### Data segment
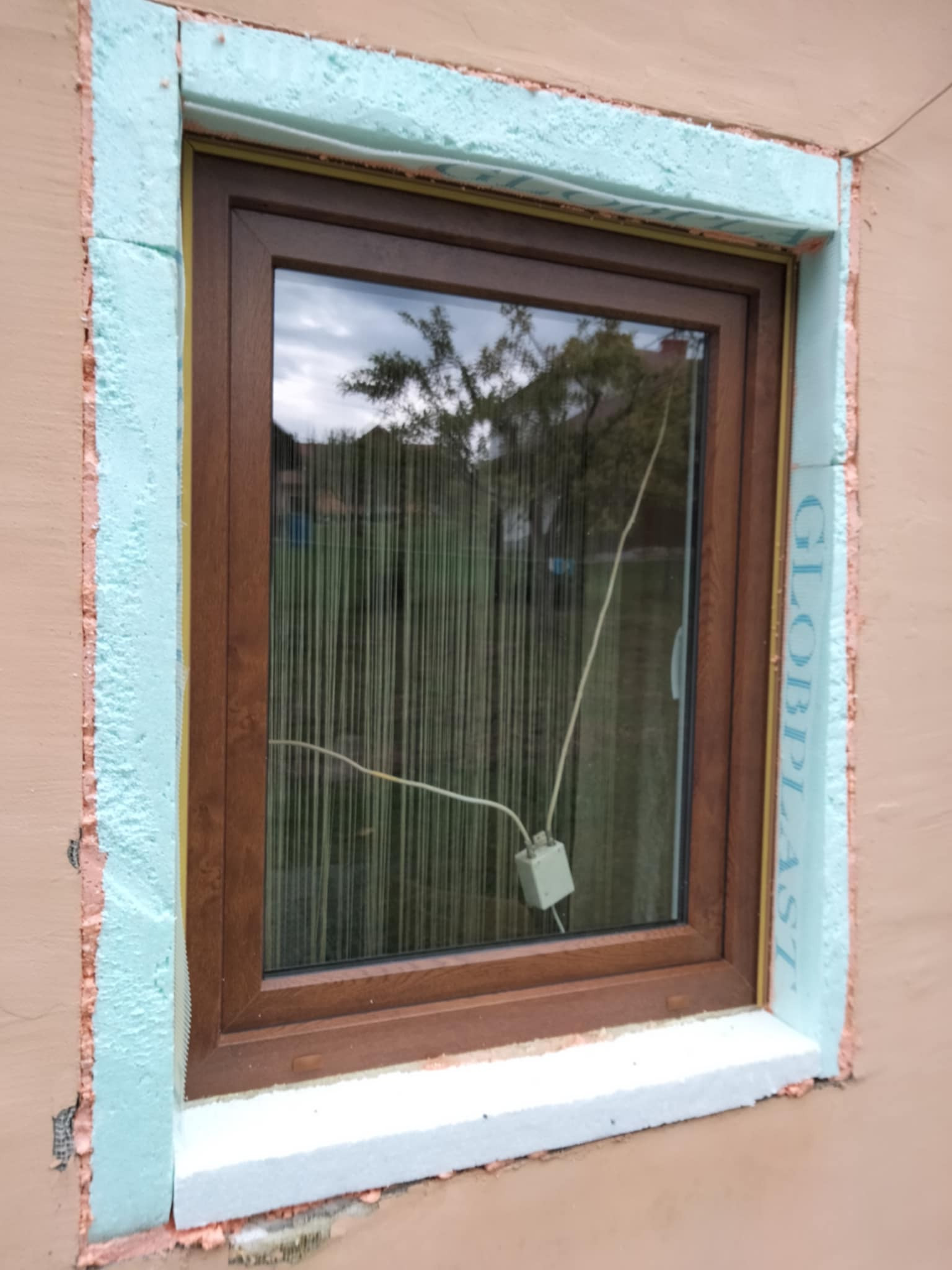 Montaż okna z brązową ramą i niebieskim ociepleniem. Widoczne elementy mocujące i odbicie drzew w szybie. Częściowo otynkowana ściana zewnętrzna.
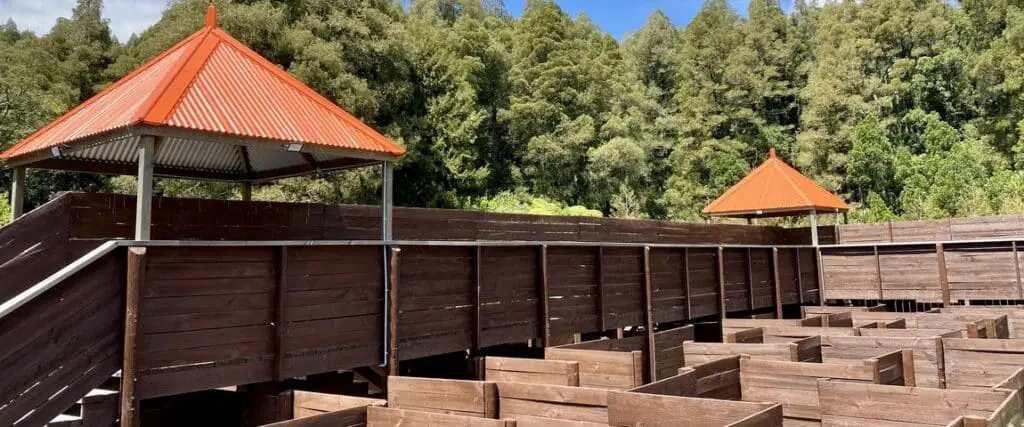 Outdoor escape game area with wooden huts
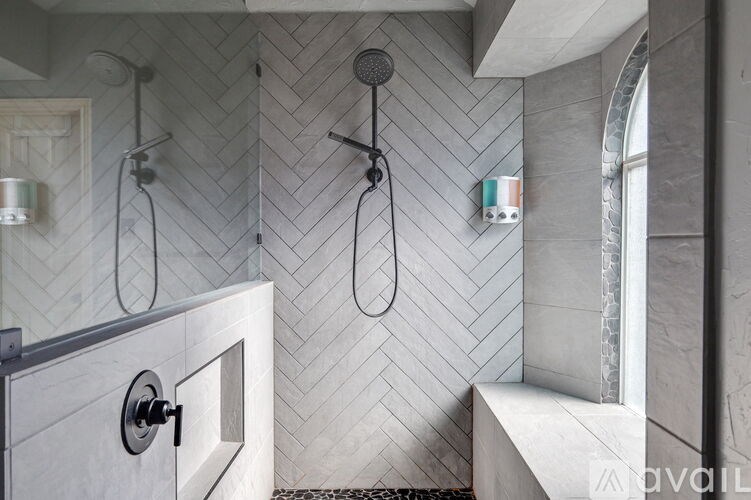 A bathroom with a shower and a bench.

### Work request
Recreate the listing above word for word, dropping each picture it contains.

### Output for this task
 Montaż okna z brązową ramą i niebieskim ociepleniem. Widoczne elementy mocujące i odbicie drzew w szybie. Częściowo otynkowana ściana zewnętrzna.
 Outdoor escape game area with wooden huts
 A bathroom with a shower and a bench.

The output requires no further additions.